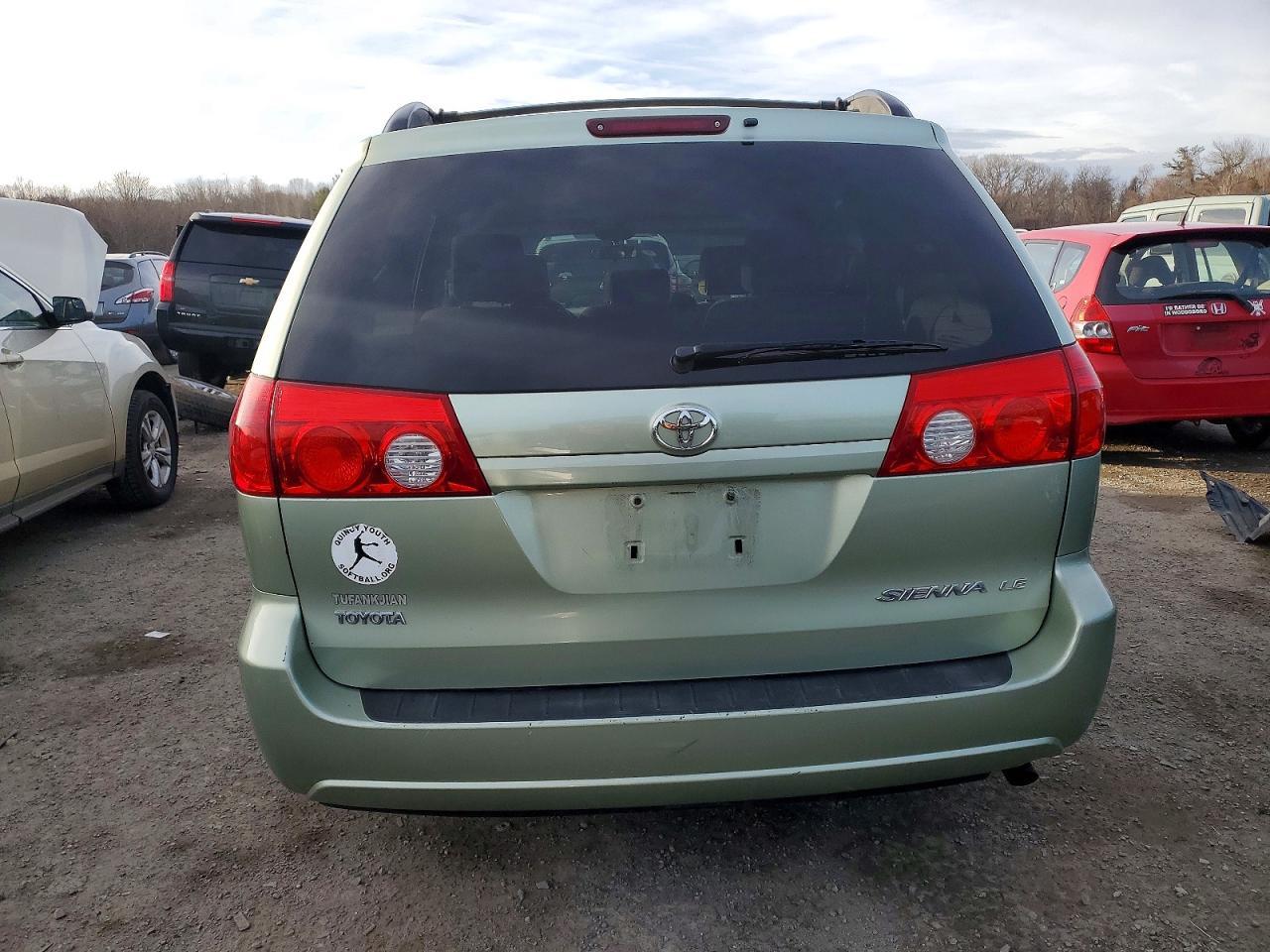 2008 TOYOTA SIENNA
====
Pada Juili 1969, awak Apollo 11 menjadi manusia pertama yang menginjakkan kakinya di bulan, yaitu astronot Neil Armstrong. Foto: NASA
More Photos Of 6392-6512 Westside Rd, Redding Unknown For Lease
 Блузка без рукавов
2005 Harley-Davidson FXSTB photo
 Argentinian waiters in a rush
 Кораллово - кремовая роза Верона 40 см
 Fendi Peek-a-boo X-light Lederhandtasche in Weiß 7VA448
====
● WHAT YOU HAVE TO DO
Beginning at the line above with "Блузка без рукавов" and finishing at the line with "Fendi Peek-a-boo X-light", return each line exactly and return nothing else.

● RESPONSE AREA
 Блузка без рукавов
2005 Harley-Davidson FXSTB photo
 Argentinian waiters in a rush
 Кораллово - кремовая роза Верона 40 см
 Fendi Peek-a-boo X-light Lederhandtasche in Weiß 7VA448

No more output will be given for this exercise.